** Opening SOURCE INFORMATION block **

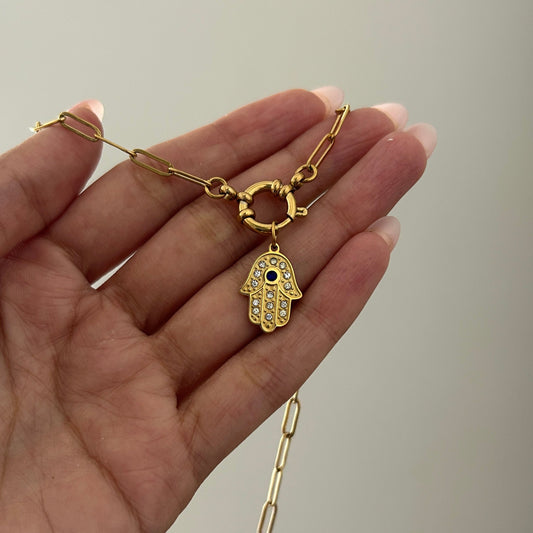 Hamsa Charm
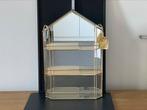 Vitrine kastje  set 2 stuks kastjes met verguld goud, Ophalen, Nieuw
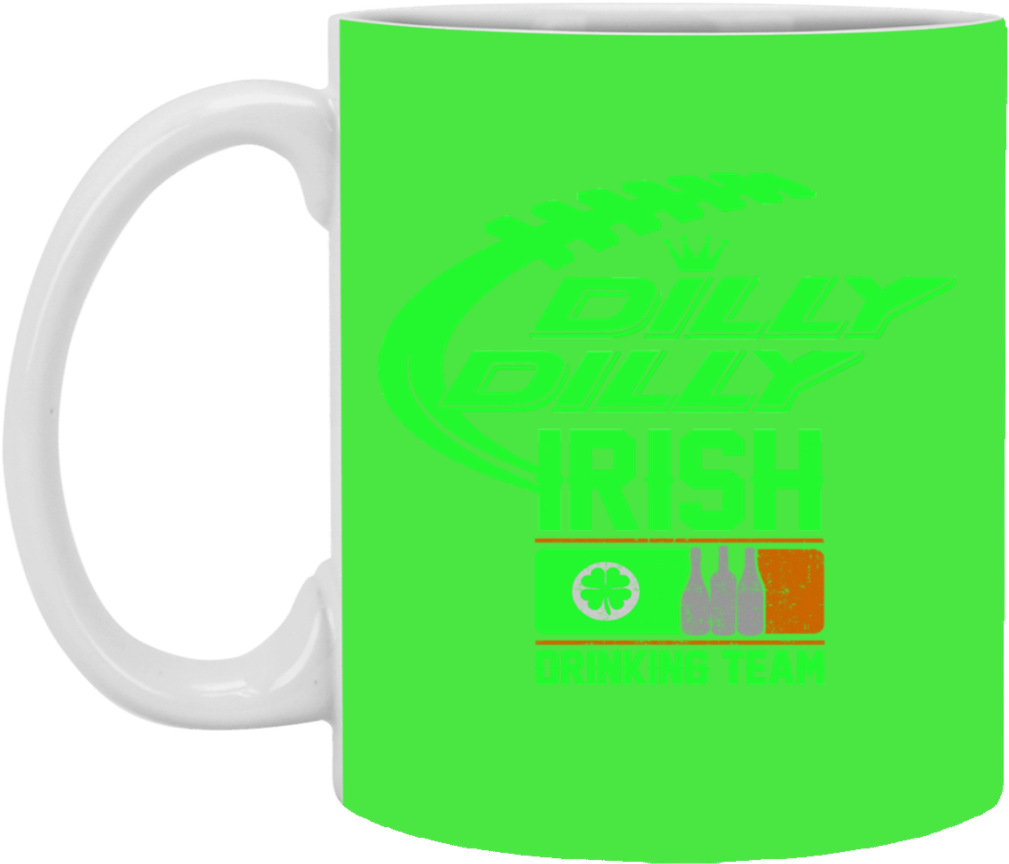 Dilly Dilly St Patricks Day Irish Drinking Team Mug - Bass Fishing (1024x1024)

** Closing SOURCE INFORMATION block **
** Opening SOURCE INFORMATION block **

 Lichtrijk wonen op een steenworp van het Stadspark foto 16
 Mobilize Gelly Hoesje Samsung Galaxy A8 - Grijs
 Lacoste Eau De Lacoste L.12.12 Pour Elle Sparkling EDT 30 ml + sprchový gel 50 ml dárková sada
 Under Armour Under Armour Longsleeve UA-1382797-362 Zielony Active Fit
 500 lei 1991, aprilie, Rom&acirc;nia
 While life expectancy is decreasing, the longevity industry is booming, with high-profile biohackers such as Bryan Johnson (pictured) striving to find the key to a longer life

** Closing SOURCE INFORMATION block **

Could you restate word for word the lines above, from the one that contains "Lacoste Eau De" through the one that contains "While life expectancy", and no others?

=== SOLUTION TO THIS PROBLEM ===
 Lacoste Eau De Lacoste L.12.12 Pour Elle Sparkling EDT 30 ml + sprchový gel 50 ml dárková sada
 Under Armour Under Armour Longsleeve UA-1382797-362 Zielony Active Fit
 500 lei 1991, aprilie, Rom&acirc;nia
 While life expectancy is decreasing, the longevity industry is booming, with high-profile biohackers such as Bryan Johnson (pictured) striving to find the key to a longer life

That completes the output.